Key Experimental Results¶
Main Results (Mip-NeRF360)¶
| Method | PSNR | SSIM | LPIPS | Static VRAM (MB) | Rendering VRAM (MB) |
|---|---|---|---|---|---|
| 3DGS | 27.48 | 0.813 | 0.217 | 648 | 1717 |
| GaussianSpa | 27.56 | 0.824 | 0.215 | 115 | 448 |
| MEGS2 (HQ) | 27.54 | 0.824 | 0.209 | 55 | 265 |
| MEGS2 (LM) | 27.21 | 0.814 | 0.227 | 40 | 224 |
Ablation Study (Mip-NeRF360)¶
| Configuration | PSNR | LPIPS | VRAM (MB) | Notes |
|---|---|---|---|---|
| GaussianSpa + Reduced3DGS | 26.05 | 0.280 | 402 | Naïve combination severely degrades quality |
| GaussianSpa (SH→SG) | 27.01 | 0.230 | 339 | Simple substitution is insufficient |
| soft→hard pruning | 27.23 | 0.228 | 288 | Hard pruning inferior to soft pruning |
| unified→sequential | 27.33 | 0.222 | 328 | Sequential inferior to unified |
| w/o color comp. | 27.46 | 0.213 | 265 | Color compensation is beneficial |
| Full model | 27.54 | 0.209 | 265 | All components work optimally together |
Key Findings¶
- VRAM compression: 8× static VRAM reduction over 3DGS (648→55 MB) and 6× rendering VRAM reduction (1717→265 MB). Compared to SOTA GaussianSpa, MEGS2 achieves an additional 2× static and ~40% rendering VRAM reduction.
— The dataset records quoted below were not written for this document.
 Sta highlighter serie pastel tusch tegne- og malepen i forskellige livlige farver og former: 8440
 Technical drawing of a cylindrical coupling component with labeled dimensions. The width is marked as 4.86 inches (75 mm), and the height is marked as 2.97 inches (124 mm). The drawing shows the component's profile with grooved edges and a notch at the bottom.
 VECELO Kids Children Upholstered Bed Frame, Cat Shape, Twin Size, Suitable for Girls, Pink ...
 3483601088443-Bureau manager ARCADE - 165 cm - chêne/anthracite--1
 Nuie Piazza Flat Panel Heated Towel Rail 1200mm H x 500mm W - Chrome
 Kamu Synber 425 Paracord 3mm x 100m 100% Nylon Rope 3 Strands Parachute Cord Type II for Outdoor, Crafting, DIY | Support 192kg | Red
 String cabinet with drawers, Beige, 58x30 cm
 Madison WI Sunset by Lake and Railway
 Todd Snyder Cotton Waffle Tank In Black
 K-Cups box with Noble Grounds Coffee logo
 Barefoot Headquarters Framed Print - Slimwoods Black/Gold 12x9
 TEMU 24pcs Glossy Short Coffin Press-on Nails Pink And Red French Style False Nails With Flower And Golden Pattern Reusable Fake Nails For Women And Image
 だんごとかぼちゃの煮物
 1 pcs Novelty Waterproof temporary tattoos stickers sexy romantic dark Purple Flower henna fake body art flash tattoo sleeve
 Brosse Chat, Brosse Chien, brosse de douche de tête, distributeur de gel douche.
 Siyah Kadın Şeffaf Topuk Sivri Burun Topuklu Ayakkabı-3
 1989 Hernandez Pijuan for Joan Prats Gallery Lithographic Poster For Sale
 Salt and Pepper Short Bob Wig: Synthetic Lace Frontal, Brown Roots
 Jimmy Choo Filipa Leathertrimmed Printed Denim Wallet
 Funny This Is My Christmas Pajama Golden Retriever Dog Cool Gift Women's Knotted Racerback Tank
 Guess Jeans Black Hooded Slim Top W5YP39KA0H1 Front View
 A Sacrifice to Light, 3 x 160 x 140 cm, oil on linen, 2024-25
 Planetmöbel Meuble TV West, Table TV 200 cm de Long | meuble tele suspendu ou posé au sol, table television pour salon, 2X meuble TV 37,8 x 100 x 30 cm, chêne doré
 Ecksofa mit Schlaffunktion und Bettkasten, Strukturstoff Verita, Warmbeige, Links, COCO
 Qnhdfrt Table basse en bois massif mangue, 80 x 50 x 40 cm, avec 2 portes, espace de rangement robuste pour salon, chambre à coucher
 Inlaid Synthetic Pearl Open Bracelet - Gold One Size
- Quality preservation: PSNR is nearly lossless (27.54 vs. 27.56), and LPIPS is even improved (0.209 vs. 0.215).
- SG outperforms SH: SG better fits localized high-frequency signals (sharp reflections and specular highlights), with notable advantages over SH in specular-heavy scenes such as Bicycle and Truck.
- Lobe distribution: Most primitives require only 0–1 lobes (predominantly diffuse surfaces); a small subset requires 2–3 lobes (specular highlights), yielding an average of 1.3–1.7 lobes per primitive.
Highlights & Insights¶
- Precision in problem formulation: The key insight is distinguishing storage compression from memory compression. Prior work has overwhelmingly focused on the former while neglecting the latter, which is the true bottleneck for edge deployment.
- Justification for replacing SH with SG: The vast majority of surfaces in a scene are diffuse (requiring no lobes); only a small fraction exhibits specular or highlight behavior requiring lobes. The variable lobe count of SG perfectly matches this long-tail distribution.
- ADMM formulation for unified pruning: Casting two discrete optimization problems as a single continuous optimization and decomposing it via ADMM is elegant and theoretically grounded. This framework generalizes to any setting requiring simultaneous optimization of "entity count" and "per-entity complexity."
- Closed-form color compensation: The analytic solution derived via spherical integration introduces no additional computational overhead and is both simple and effective.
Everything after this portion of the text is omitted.